Tresilian is outraged by Nimble’s ignoring of sumptuary laws: the knave is dressed in the new fashion of the court. Tresilian sends Nimble, Crosby, and Fleming out to spread the charters and eavesdrop on any malcontents. These “privy whisperers” (III.i.133) can be arrested and their lands seized. “But how if we meet with some ignoramus fellows, my lord, that cannot write their minds, what shall they do?” “If they but set to their marks, ’tis good” (III.i.153-155). And don’t forget the widows too.

SCENE ii

Woodstock welcomes his brothers to his home and complains about the court extravangances. Lancaster remarks that “I lived with care at court, I now am free” (III.ii.5-6). Woodstock has heard of “the fantastic suits they wear” (III.ii.37). Cheney brings blank charters and Woodstock is more vehement than Lancaster about what the latter calls this “unheard-of vile taxation” (III.ii.67). “Let me be chronicled Apostata” (III.ii.77), declares Woodstock. “O vulture England, wilt thou eat thine own?” (III.ii.84). York advises that they each return home and try to prevent rebellion and Gaunt agrees. Woodstock fears he will not see his brothers again.

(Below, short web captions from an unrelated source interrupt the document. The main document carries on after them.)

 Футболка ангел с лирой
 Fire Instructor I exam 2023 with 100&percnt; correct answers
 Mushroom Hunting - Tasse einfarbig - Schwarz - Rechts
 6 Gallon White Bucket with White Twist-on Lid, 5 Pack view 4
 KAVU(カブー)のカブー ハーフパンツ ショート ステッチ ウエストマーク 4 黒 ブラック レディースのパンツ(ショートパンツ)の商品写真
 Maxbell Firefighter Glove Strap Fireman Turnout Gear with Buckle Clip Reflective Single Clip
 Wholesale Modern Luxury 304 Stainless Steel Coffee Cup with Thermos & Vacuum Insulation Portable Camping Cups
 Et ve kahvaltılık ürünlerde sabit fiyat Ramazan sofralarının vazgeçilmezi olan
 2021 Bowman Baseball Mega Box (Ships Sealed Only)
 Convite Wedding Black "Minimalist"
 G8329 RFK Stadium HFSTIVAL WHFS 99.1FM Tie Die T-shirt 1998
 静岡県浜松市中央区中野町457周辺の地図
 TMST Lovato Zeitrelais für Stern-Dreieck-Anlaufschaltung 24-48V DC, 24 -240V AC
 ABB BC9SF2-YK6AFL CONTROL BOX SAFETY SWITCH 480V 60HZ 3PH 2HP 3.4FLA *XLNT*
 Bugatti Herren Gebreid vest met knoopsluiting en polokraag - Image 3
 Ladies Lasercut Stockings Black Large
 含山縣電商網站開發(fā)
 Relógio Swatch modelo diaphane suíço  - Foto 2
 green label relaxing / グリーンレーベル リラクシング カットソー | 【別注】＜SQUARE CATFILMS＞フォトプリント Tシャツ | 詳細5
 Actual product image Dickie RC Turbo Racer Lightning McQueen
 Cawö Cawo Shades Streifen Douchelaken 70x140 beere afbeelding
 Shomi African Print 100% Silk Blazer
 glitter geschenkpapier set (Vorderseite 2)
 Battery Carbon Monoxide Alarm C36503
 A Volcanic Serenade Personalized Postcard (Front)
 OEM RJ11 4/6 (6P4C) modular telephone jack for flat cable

A foolishly dressed servant calls on Woodstock. He doesn’t recognize Woodstock outside and mistakes him for the groom, so Woodstock holds the servant’s horse and endearingly addresses the animal a bit. Cheney leads the visiting courtier and the servant to Woodstock. Woodstock mockingly asks the courtier about his fashion, Polonian peak on his shoes and so forth. Regarding the linking of the toe and knee together, the courtier says,

For as for example: the toe a disdainer or spurner; the knee a dutiful and most humble orator; this chain doth, as it were, so toeify the knee and so kneeify the toe that between both it makes a most methodical coherence or coherent method. (III.ii.220-226)

The courtier is there to deliver Richard’s invitation of Woodstock to court. Woodstock refuses, and curses the charters: “I am Plain Thomas still” (III.ii.241). But he invites the guy to dine.

SCENE iii

Crosby tells Master Ignorance, the Baily (or bailiff, a sheriff’s deputy) of Dunstable (with a pun on the Dunce part) to assist him, along with Nimble and Fleming, with the blank charters. Ignorance is illiterate: “I cannot write nor read, I confess it, no more could my father, nor his father, nor none of the Ignorants this hundred year, I assure ye” (III.iii.11-13). Yet he will help make sure people don’t give them the slip; he’ll also be on the alert for libelous songs.

Ignorance asks a farmer, a butcher, and Cowtail why they are leaving town. The butcher explains that his landlord blames the new councillors for the oppression, and Nimble jots down this supposed treason. The three lament their coming hangings.

Ignorance repeatedly over- and mis-uses the term “pestiferous.” Next a schoolmaster and his servant stroll along, worried about being overheard. The schoolmaster recites verses, including,

Blank charters they are called
A vengeance on the villain,
I would he were both flayed and balled
God bless my Lord Tresilian.
(III.iii.184-187)

The schoolmaster naively thinks the last line will get him out of any consequences, but Nimble and Ignorance have these two arrested also. Nimble hears another potential knave approaching, whistling to tune which has been used for another treasonous song. This fellow is similarly arrested, and Nimble calls him a “sheep-biter” (III.iii.281) when Crosby and Fleming return.